また、何かあったときの役割分担と致しまして、日本は盾の役割、そしてアメリカは矛の役割を果たすということで、役割分担が決まっておりました。しかし、状況はかなり大きく変わってきました。一つは、もっとも大きな潜在的な脅威であったソ連が崩壊し、日本が共産主義化されるということ、あるいはソ連軍による大規模着上陸進行というものの可能性はかなり低くなりました。
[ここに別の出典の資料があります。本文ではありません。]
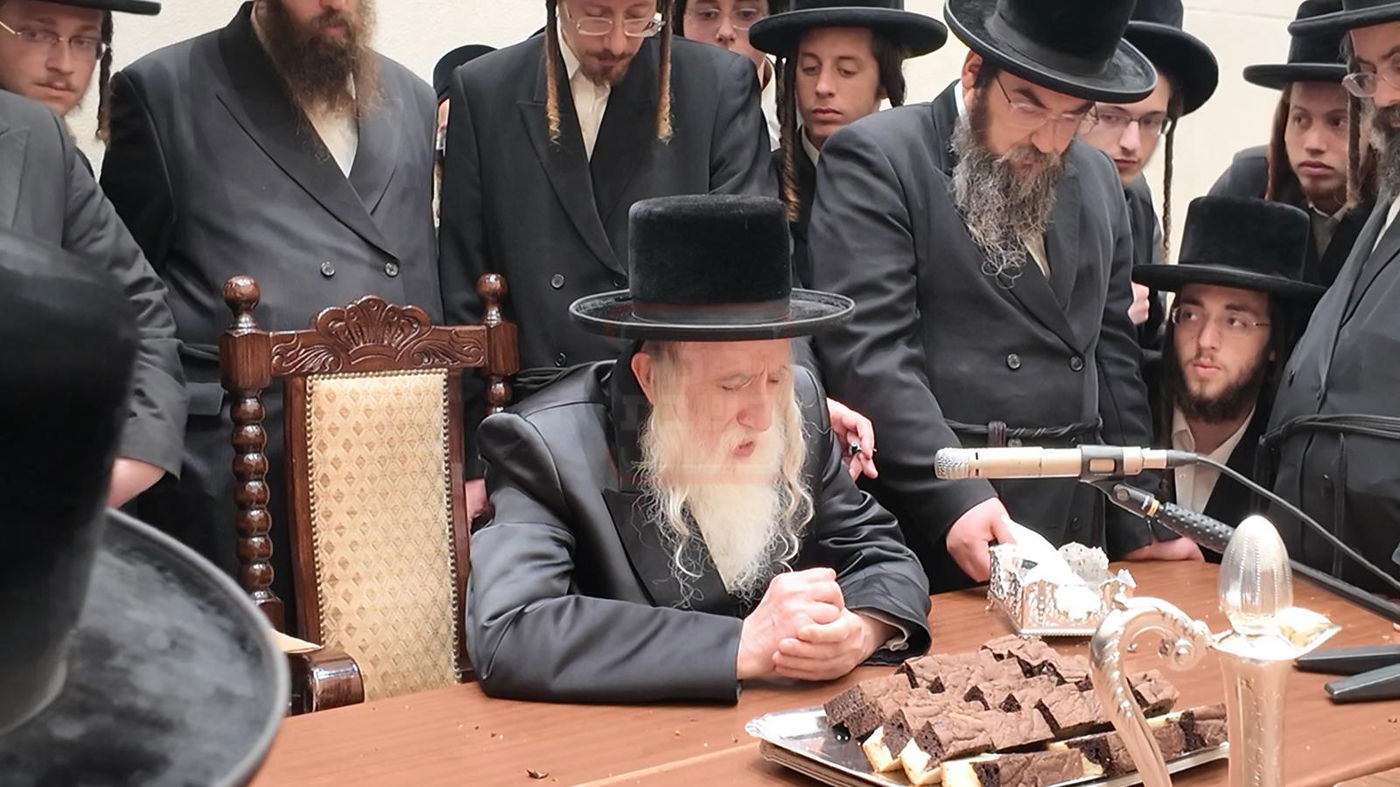 האדמו"ר ממחנובקא בעלזא בטיש לחיים לאחר שחרית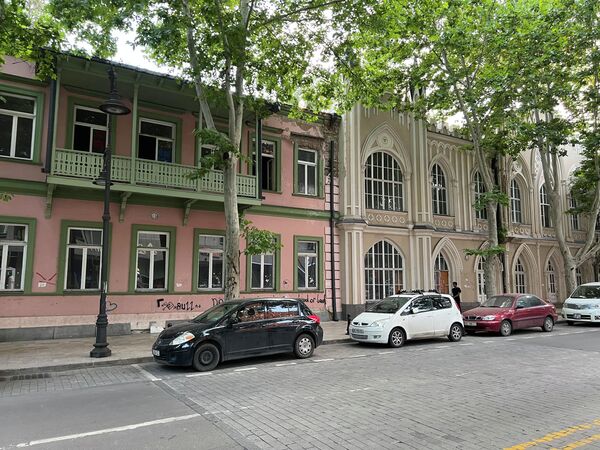 Территорию старейшей клиники Тбилиси вместе с комплексом зданий середины 19 века в марте этого года продали на аукционе - Sputnik Грузия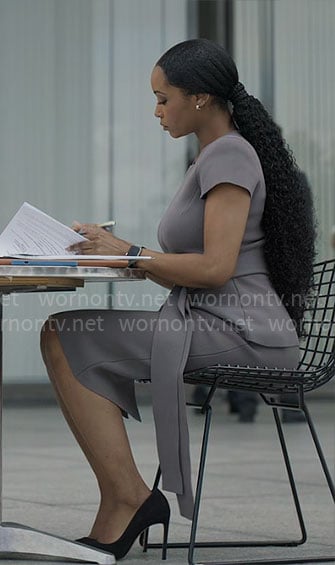 Andrea’s grey knit short sleeve top and skirt set on The Lincoln Lawyer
それに対して、テロ、あるいはミサイル、あるいは日本の海洋景気が脅かされる、そのような脅威というものの蓋然性がどんどん高くなっているのが今の状況ではないかと思います。

従いまして、今後の日本のとりうるべき役割といたしましては、ミサイル防衛とそして周辺事態における共同対処ということを行っていくこと、また第六条で決められている極東という範囲はあくまでもソ連が存在をしているときの古い定義であり、アジア太平洋地域という地理的範囲を大きく変えていくこと、そして自国の防衛のみに力を注ぐということから、国際の平和と安定、予防でありますとか、紛争処理、あるいはPSI、こういったものに日本も大きく一歩も二歩も踏み出すということが必要なのではないかと考えております。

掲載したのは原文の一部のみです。